What appears to be happening is that some parties are registering to contest a large number of wards without expecting to win ward seats, but hoping they gain enough votes overall to win PR seats. In Johannesburg, Ethekwini and Cape Town, where the total number of council seats is more than 200, a share of under 0.5% of the PR vote (0.25% of the total vote) can be enough to secure a PR seat. The PR vote is designed to help smaller parties participate more fully in municipal government. What’s more, any ward votes for a party are included in calculating the PR vote shares. For a smaller party, there is little to lose from registering in more wards – no ward vote is wasted.

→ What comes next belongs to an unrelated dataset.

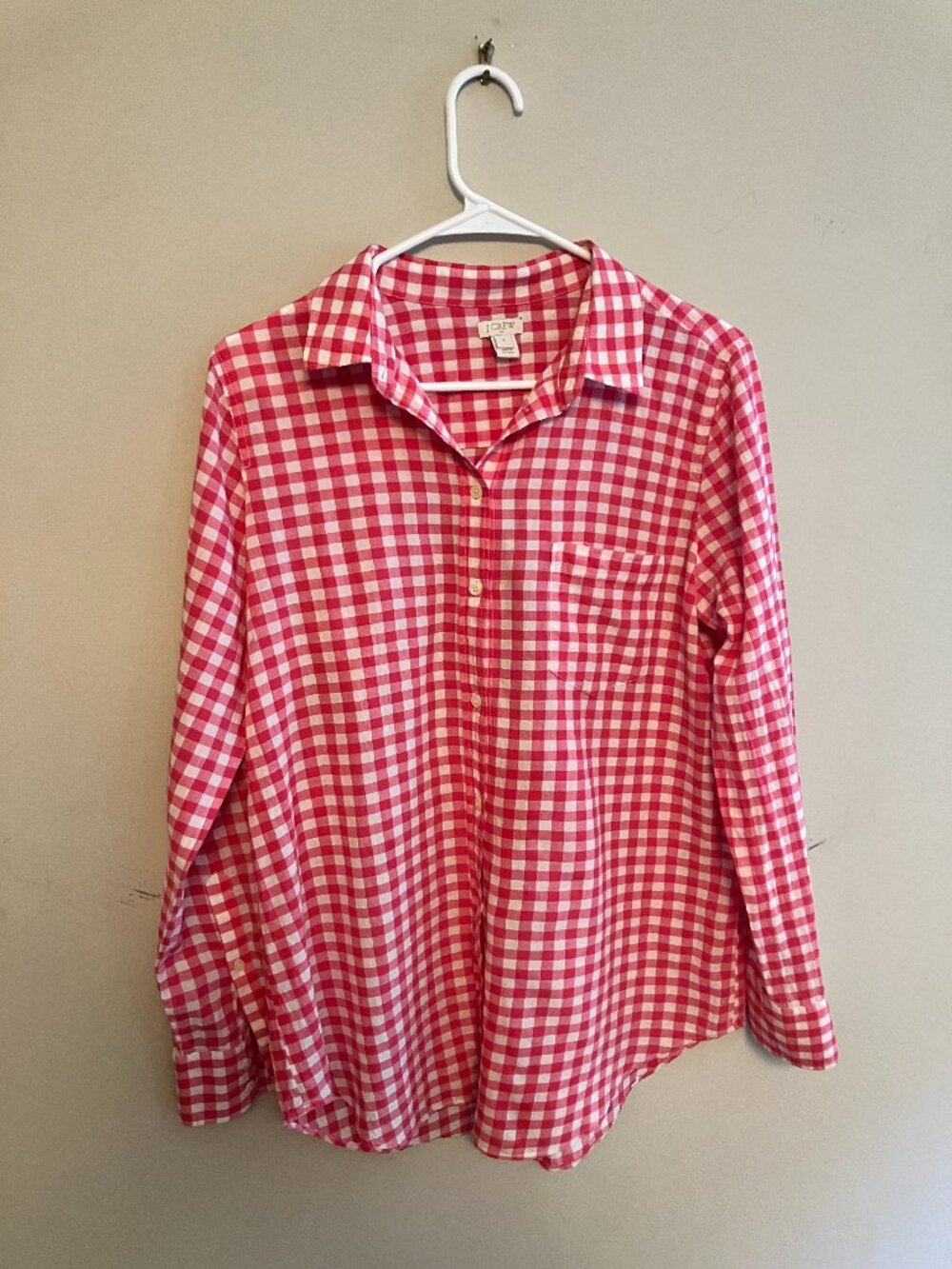 J.Crew Pink & White Checkered Cotton Button-Down Shirt | Medium | Timeless Class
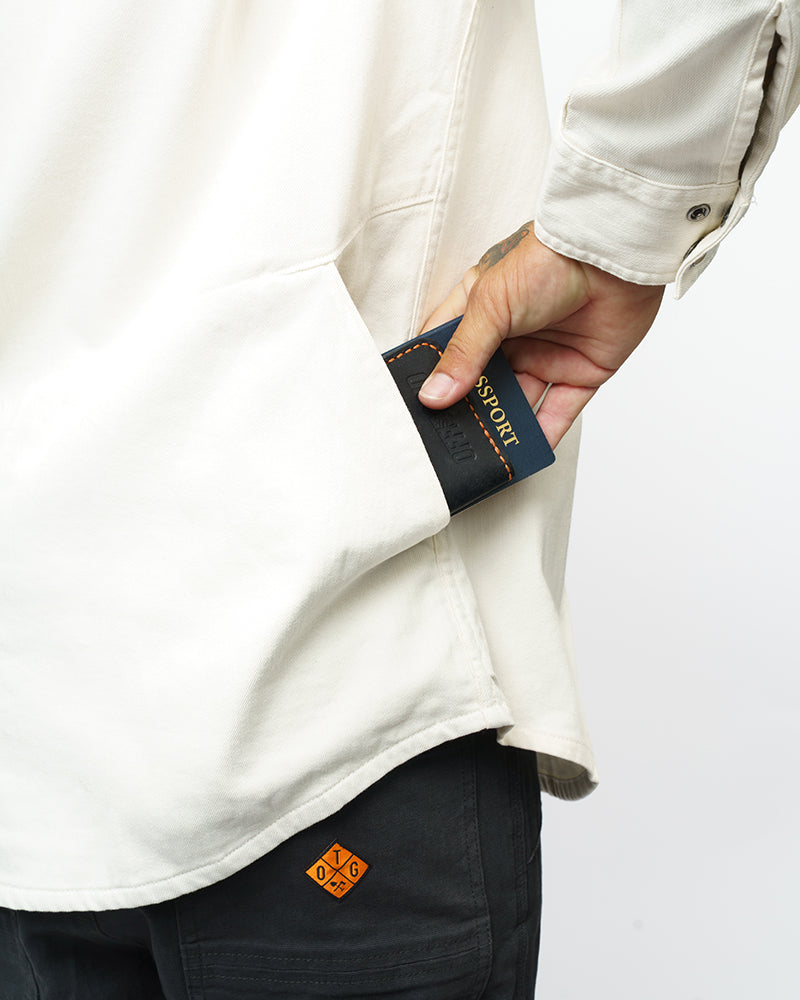 Off The Grid Surplus Earl Denim Shirt in natural color, long sleeve style with button closure and classic denim texture.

Past evidence supports this view:

  • In the 2006 elections, the ACDP contested wards in 26 out of the 27 municipalities and failed to win a single ward seat. It did, however, win PR seats in 25 of those 26 municipalities,
  • Azapo contested wards in 14 of the 27, winning none, but won PR seats in eight different municipalities.
  • The FF+ contested wards in 25 of the 27, winning none. It won PR seats in 21 of the 27.
  • The PAC ran in wards in 23 of the 27, winning none. It won PR seats in 13 of the 23, mostly in Eastern Cape, Free State and Gauteng.
  • The UDM ran in 19 municipalities and didn’t win a single ward. It won PR seats in nine municipalities.
  • The UIF ran in 15 municipalities and didn’t win a ward. It won PR seats in five.
  • The ID won three ward seats in Drakenstein and three in Cape Town, but none in the other 20 municipalities they contested (22 in total). It won PR seats in 18 municipalities.
  • Nadeco won one ward seat in the 10 municipalities where it had ward candidates. it won PR seats in three of those municipalities.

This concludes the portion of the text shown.